10-2.長い夜(10日目)
川で怪我人を見つけ、助けたまでは良かったが突如悲鳴があった。
慌てて動くが・・・
叫び声を聞いてから懐中電灯を持ってすぐに玄関まで走ったが、扉を前に立ち止まった。 何者かに拷問され凌辱を受けただろう彼女の前に、男の俺が現れても良いものだろうかと考えが過ったのだ。
どうするべきか立ち止まった俺を余所に、紅葉はドアノブに飛び付いていた。
「早くいかなきゃ!」
紅葉の一言で我に返った。 悩んで考えたって答えなんて分からない。 行ってから考えるしかないのだ。
「あ、あぁ・・・ありがとう」
気持ちを切り替えて、扉を開いていく。 先ほどの絶叫以降は、暴れまわるような音も叫び声も無い。 俺達以外の物音すら聞こえない・・・どうしたのだろうか、自害とか最悪な事態に陥っていない事を望む。

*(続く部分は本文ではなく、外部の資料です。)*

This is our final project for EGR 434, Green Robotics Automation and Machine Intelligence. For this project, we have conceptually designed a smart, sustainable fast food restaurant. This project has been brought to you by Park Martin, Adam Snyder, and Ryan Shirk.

紅葉はすぐさま寝かせている部屋へと向かった。 俺は履いていた革のブーツを脱いでから部屋へゆっくりと入っていった。
「なっ・・・!?」
声にならなかった。 怪我人は、意識を失っているようだった。
掛けていた布団は捲られ、大きく膨らんだお腹が違和感を如実に表していた。 おかしい・・・晩御飯までの数時間、ものの4時間程度目を離しただけなのだ。 その時はお腹の膨らみなど無い。 見逃す訳がない・・・目の前には臨月の様にお腹が膨らんだ状態の少女がマットからずれて仰向けに倒れていたのだ。
「ど、どうしよう・・・?」
紅葉からも戸惑っている事が感じ取れる言葉が漏れていた。 俺も困った状態である・・・。 出産なんて立ち会った事はもちろん無いし、何よりも頼れる医師や助産師も居ない。 彼女は気を失っているが陣痛などによる痛みなのか、はたまたこの状態に陥っている事でショックを受けたからなのか分からない。 ただ破水が始まっているのだろう、むき出しの股からはおりもののような粘液等が垂れている。

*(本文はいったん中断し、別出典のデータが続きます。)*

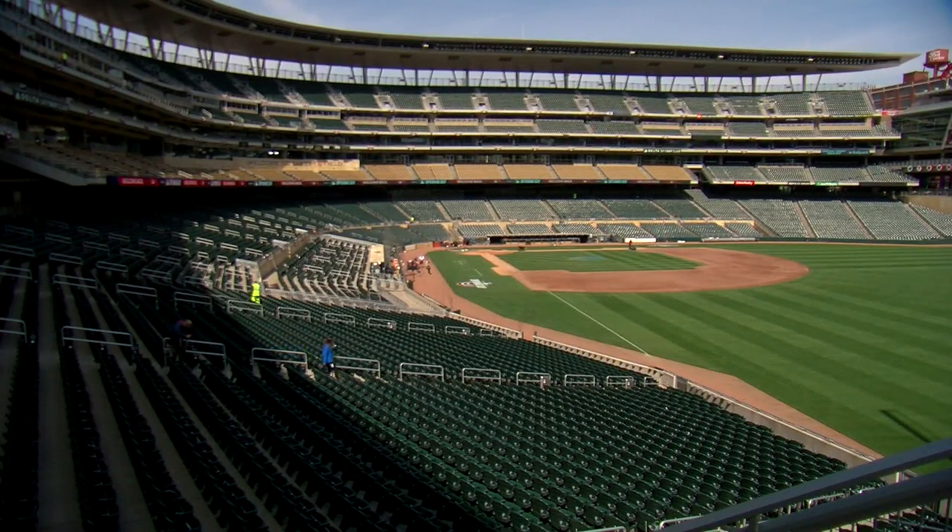Kate Raddatz, WCCO 4 News. There are still tickets available for eight home games this season. Fans should have the latest version of the Ballpark app to access their tickets.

静かでがらんどうな部屋には血生臭いような臭いが立ち込めていた。 どうすれば良いのか分からず、あたふたするばかりで無駄に時間だけが過ぎていく。 その間にも着実に彼女の股からは粘液が出ていた。
「タ、タオルとお湯だったか? 持ってこよう」
何か、そんな動画か何か幼い頃の保健体育で学んだような無いようなあやふやな記憶でも動く事に決めた。
彼女をマットの上に寝かせ直してから、洗濯して一応綺麗なタオルと、かまどで沸かしていた鍋のお湯を水で割って冷ました物をバケツに入れて改めて戻ってきた。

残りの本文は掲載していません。